It seems under the New Covenant the Holy Spirit through Paul modifies this Old Testament head covering practice as set forth in 1 Cor 11.
In 1 Corinthians 11 Paul speaks of women wearing head covering when praying or prophesying. Under Christianity women are clearly allowed to sit together in the assembly. Under the Old Testament, men and women sat/sit separately. Sitting separately means the head covering provision set forth by Paul in 1 Cor 11 would not be applicable. The head covering provision and/or its modification of 1 Corinthians 11 arose because men and women sat together.
In 1 Cor 11 Paul establishes that men are not to cover their heads or at least not to completely cover their heads as done with a veil (1 Cor 11:7) or scarf where a veil or scarf completely covers the head and sometimes some part of the sides of the face/jaws.
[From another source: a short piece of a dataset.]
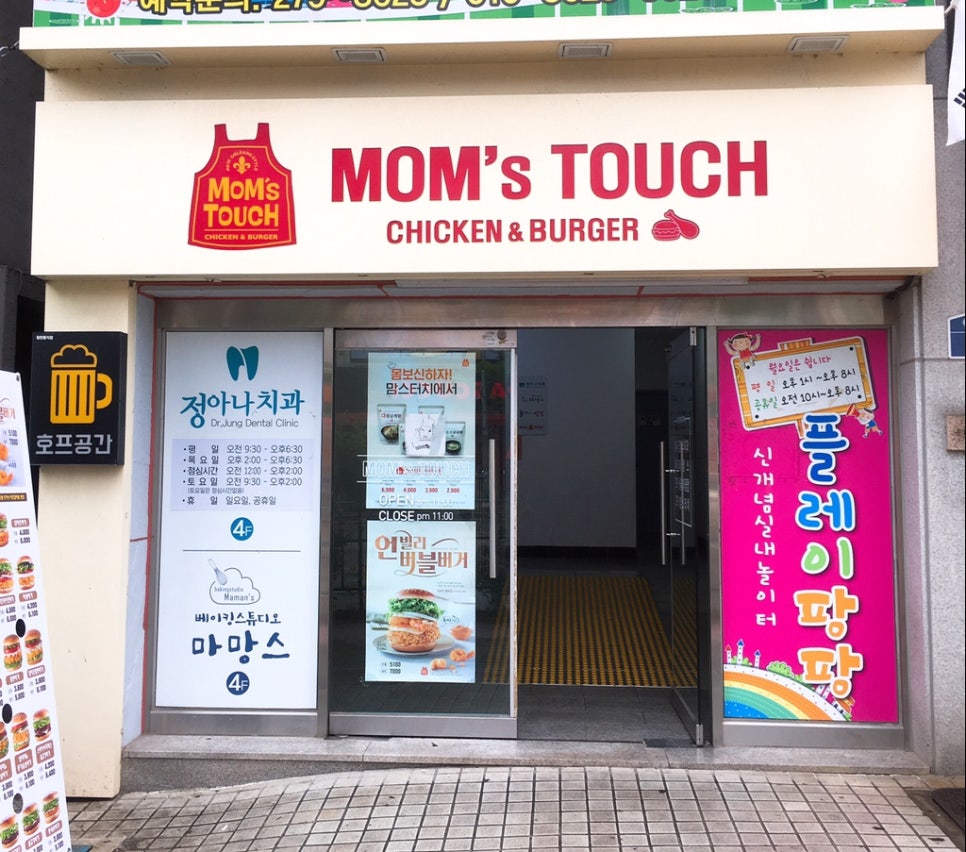 맘스터치(포미점) 이미지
Note that 1 Cor 11:7 which forbids male head covering uses the Greek word Katakalupto which means hanging down or cover wholly as in the case of a scarf or veil. Hence, he may not have forbidden a mitre or skull cap or similar caps/hats which mainly cover the top of the head. Hence, the Catholic Pope and others such as Orthodox Judaism use of a skull cap or similar covering would not be in violation of this scripture. Yet, a male wearing of nothing on the head also would not be in violation of this scripture.
On the other hand, in 1 Cor 11:6 for women he specifically requires a scarf-like veil (Greek word Katakalupto) or similar covering that completely covers the woman’s head and perhaps some part of the sides of the face/jaws.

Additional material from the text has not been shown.